On Christmas Day, December 25, 1776, Washington crossed the Delaware River, north of Trenton, New Jersey. After marching to Trenton, Washington's troops surprised the Hessian mercenaries who were in position there. In the early morning hours of December 26, his troops surprised the British garrison there, taking more than 900 prisoners. The enemy soldiers ran into buildings to get away. The Americans used cannons to blow up the buildings. Soon, the enemy surrendered, and Washington's army captured Trenton. A few days later, he marched his captured prisoners through the streets of the city of Philadelphia.

A week later, on January 3, 1777, Washington attacked the British at Princeton, regaining most of the territory formally occupied by the British. The victories at Trenton and Princeton revived flagging American spirits.

Washington's victory at Trenton changed the way Americans felt about the war. Before the battle, the rebels had been defeated in New York. They were beginning to lose faith in their commander. Now that faith returned. Congress increased Washington's powers, making it possible for the fight for independence to continue. Another result of the victory at Trenton was that more men decided to join the army. It now had ten-thousand soldiers. This new Continental Army, however, lost battles during the summmer to General Howe's forces near the Chesapeake Bay. And in August 1777 General Howe captured Philadelphia.

In September 1777, however, Howe defeated the American army at Brandywine in Pennsylvania and occupied Philadelphia, forcing the Continental Congress to flee. Following these losses, Washington led the army to the nearby area called Valley Forge. They would stay there for the winter. His army was suffering. Half the men had no shoes, clothes, or blankets. They were almost starving. They built houses out of logs, but the winter was very cold and they almost froze. Many suffered from diseases such as smallpox and typhus. Some died. General Washington and other officers were able to get food from the surrounding area to help most of the men survive the winter.

Washington had to endure the bitterly cold winter of 1777-1778 at Valley Forge, Pennsylvania, lacking adequate food, clothing, and supplies. Farmers and merchants exchanged their goods for British gold and silver rather than for dubious paper money issued by the Continental Congress and the states.

1777 - Victory at Bennington and Saratoga

In 1777 the Americans cut short a British plan to divide and conquer the colonies. The British surrendered a large force to the Continental Army after the battles of Saratoga in New York, but were able to capture the patriot capital at Philadelphia. In December, an optimistic, but weary Continental Army marched into winter quarters at Valley Forge.
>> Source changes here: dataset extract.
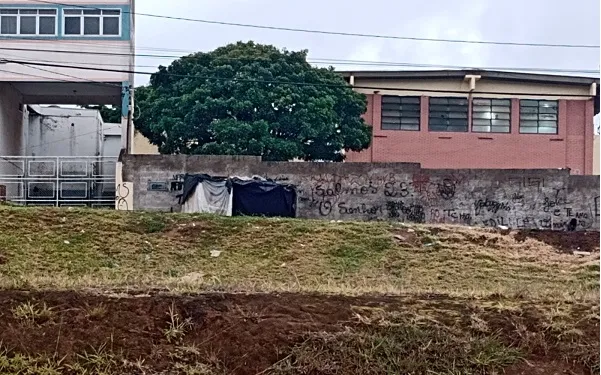 Barracas voltam a ocupar calçada em frente ao Centro Pop de Franca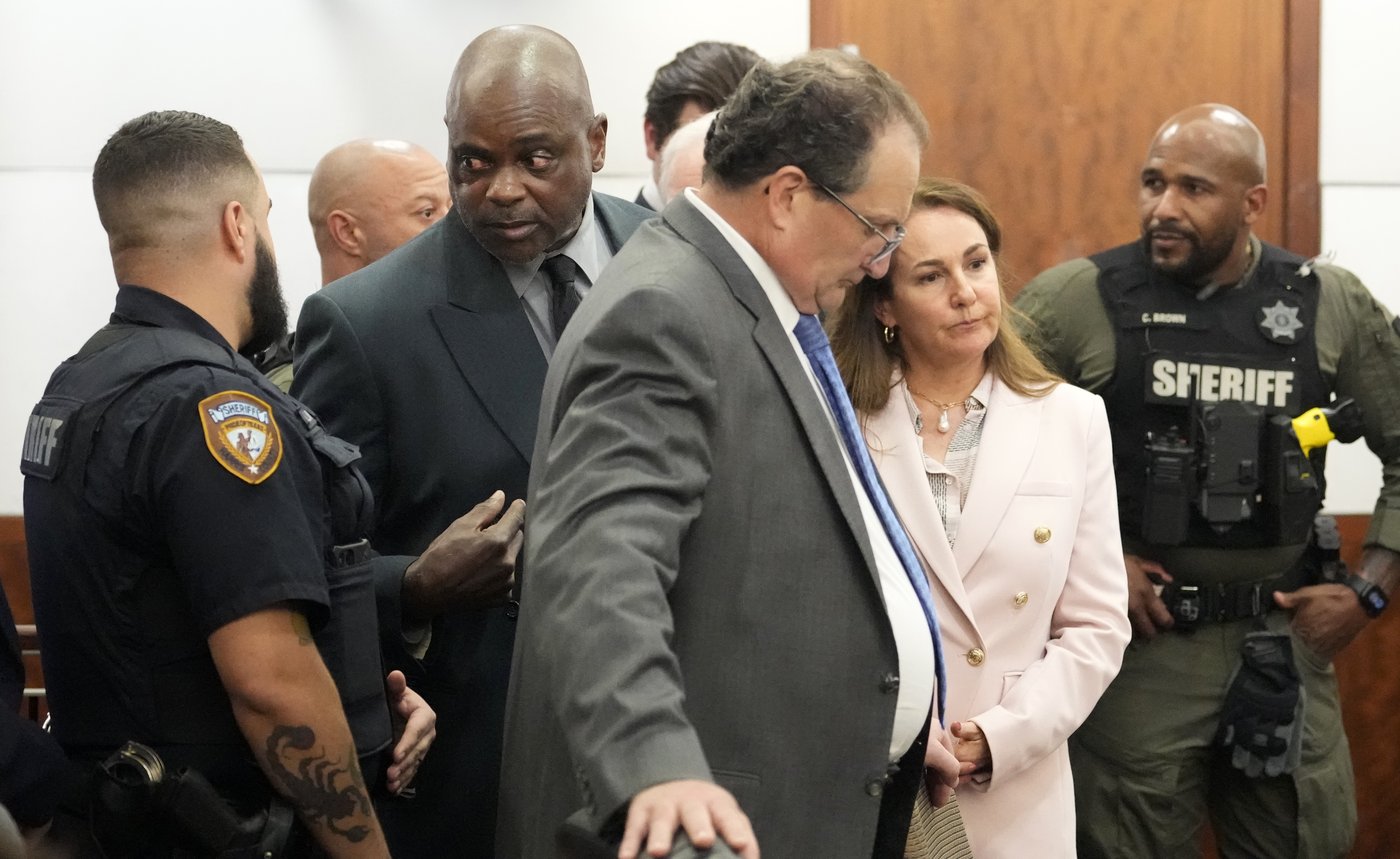 Former Houston officer convicted of murder in deaths of couple during drug raid | iNFOnews.ca Former Houston officer convicted of murder in deaths of couple during drug raid | iNFOnews.ca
Valley Forge was the lowest ebb for Washington’s Continental Army, but elsewhere 1777 proved to be the turning point in the war. British General John Burgoyne, moving south from Canada, attempted to invade New York and New England via Lake Champlain and the Hudson River. He had too much heavy equipment to negotiate the wooded and marshy terrain. On August 6, at Oriskany, New York, a band of Loyalists and Native Americans under Burgoyne’s command ran into a mobile and seasoned American force that managed to halt their advance. In one of the bloodiest actions of the war, Mohawk war chief, Joseph Brant and British-allied Indians ambush and engage New York militia outside Fort Stanwix at Oriskany, New York.
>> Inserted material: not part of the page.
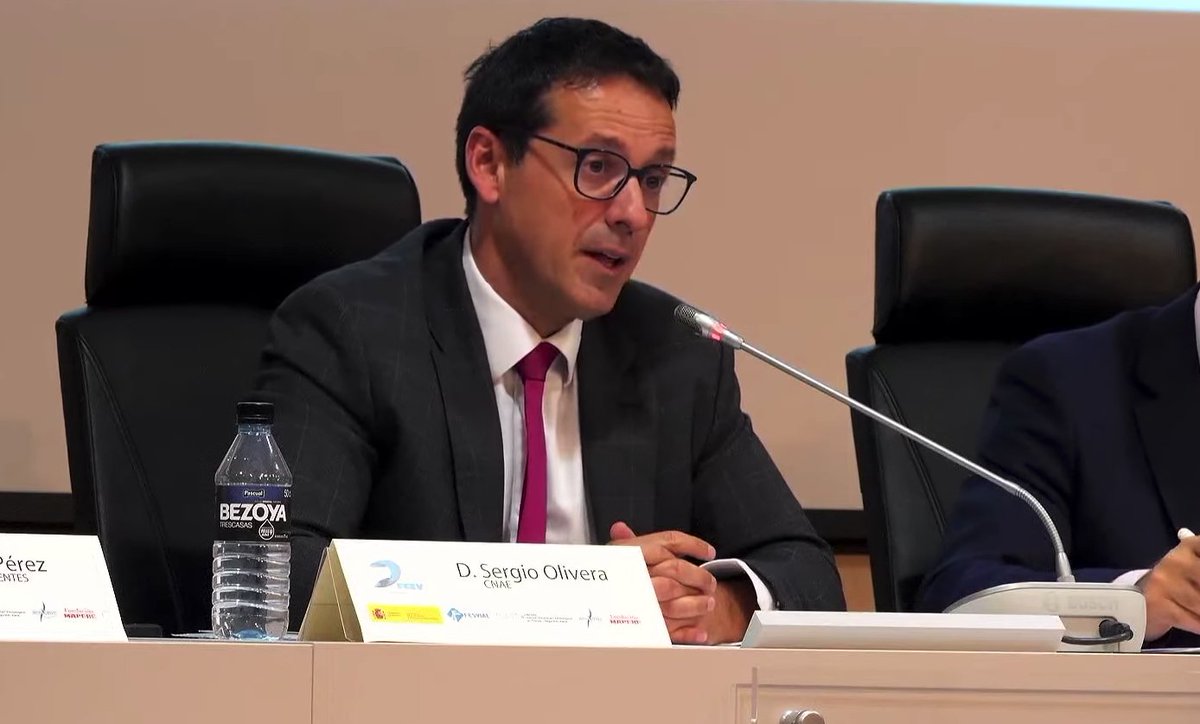 🗣️IV Foro FCEV <a href="/soliveracnae/">Sergio Olivera</a> 

➡️Si se forma en #movilidadsegura a los niños se conseguirá una conciencia social colectiva

➡️Con 8.000 #autoescuelas siempre habrá un profesor de formación vial cerca del docente para ayudarle a impartir #educaciónvial 

⏺️youtube.com/watch?v=bdPBvi…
On 16 August 1777 at Bennington, Vermont, more of Burgoyne’s forces, seeking much-needed supplies, were pushed back by American troops. On August 11, Burgoyne sent out a mixed force of some 800 Canadians, Loyalists, Indians, British, and Hessian (German) mercenaries on a foraging expedition. This mostly-German force was harassed by small bands of militia, and its Hessian commander sent for reinforcements; he stopped to await them a few miles from Bennington. With the enemy force position on and around a large hill, General John Stark decided to use his 2,000 militiamen to surround them. "Yonder are the Redcoats," Stark is supposed to have said. "We will defeat them or Molly Stark will sleep a widow tonight." American victory was assured when the militiamen drove off the Hessian reinforcements.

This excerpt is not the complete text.